LSSTDESC / ImageProcessingPipelines

Alert Production and Data Release image processing pipelines using the LSST Stack
BSD 3-Clause "New" or "Revised" License
3 stars 2 forks source link

Preparation for 2.1i processing at CC #81

Closed johannct closed 5 years ago

johannct commented 5 years ago

Following a discussion with @airnandez and @boutigny we need to move with several improvements :

  1. Short term : need to transfer to CC bias, dark, and BF kernel files (need to learn how to use these), and the full visits needed for skyflats. Need to confirm whether domeflats will be processed.
  2. ingestDriver should run locally on batch disk, via TMP_DIR, and move the registry db to OUT_DIR at the end of the job. The setup script needs to be modified.
  3. ingestDriver parallelism issues would be alleviated with the postgres output choice; we need to check what the status is of this
  4. calexps for each visits can be transferred to NERSC as soon as the visit is completed by singleFrameDriver. Need to study that this is practical and worth it.
  5. multiBandDriver needs a revamp : createSubstream based on tract, and then within such a substream dispatch more streams based on patches. This will allow to do postprocessing on tract and trigger transfer of tract to NERSC once completed (it is assumed that transferring patches once completed is not worth it). Furthermore, tract level postprocessing will allow for part if not all of the dpdd catalog generation process to be executed immediately.
  6. We probably need to plan for some time to check SkyBackground execution
boutigny commented 5 years ago

I am reactivating this issue as we are getting now very late to start Run2.1 processing at CC-IN2P3. So I will try to summarize where we are and what needs to be implemented. Please feel free to correct is something is wrong or inaccurate:

wmwv commented 5 years ago

getting now very late to start Run1.2 processing

I presume you mean processing of Run 2.1i

boutigny commented 5 years ago

Yes. Thanks for pointing this out. I corrected it.
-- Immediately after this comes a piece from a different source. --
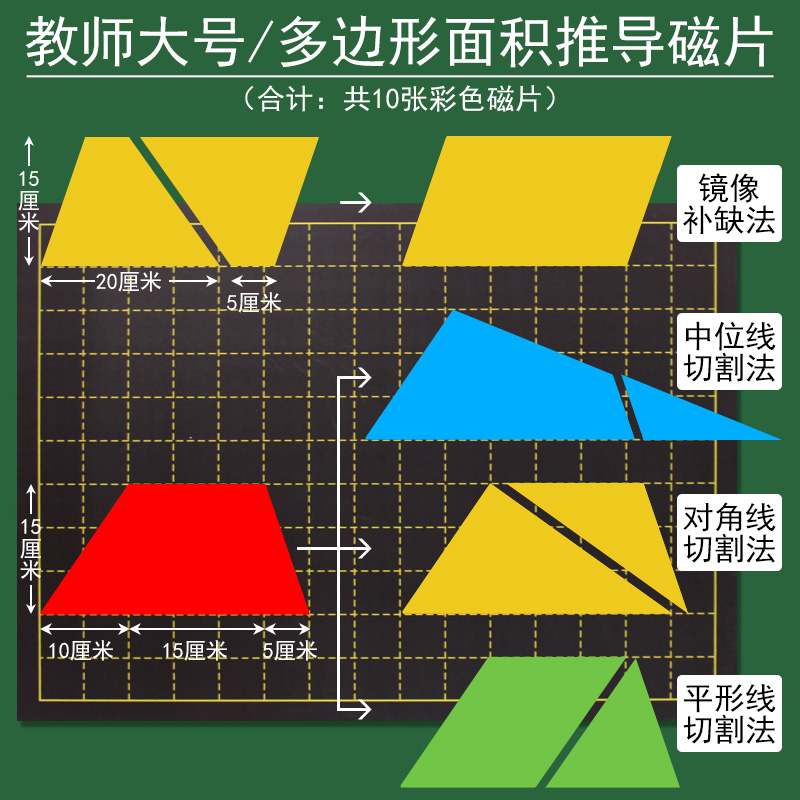 平行四边形面积公式推导计算套装磁吸式磁贴软磁片梯形三角形磁性教具平移切割法小学数学学具五年级六年级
boutigny commented 5 years ago

I find 490 complete visits (189 CCD) in /global/cscratch1/sd/desc/DC2/Run2.0i/Run2.1i/run201812/workpath/run/outputs, ignoring 1 which is tagged as "corrupted" so I guess that we can transfer those. The list is in /global/homes/b/boutignycompleteVisits.list

villarrealas commented 5 years ago

You should find a more complete list of files in /global/cscratch1/sd/desc/DC2/Run2.1i/run201812/run/outputs with a fixed directory structure. The "corrupted" subdirectories in some of these contain .fits files and checkpoint files that had mixed instance catalogs due to a workflow error, and can be safely ignored.

boutigny commented 5 years ago

Do you mean that all these visits are complete in the imsim production sense even if they don't have 189 CCDs ?

heather999 commented 5 years ago

@villarrealas just want to make sure I understand - there are also corrupted subdirectories in the newer '/global/cscratch1/sd/desc/DC2/Run2.1i/run201812/run/outputs` area.. These should definitely be ignored for the purposes of DM processing, I suspect.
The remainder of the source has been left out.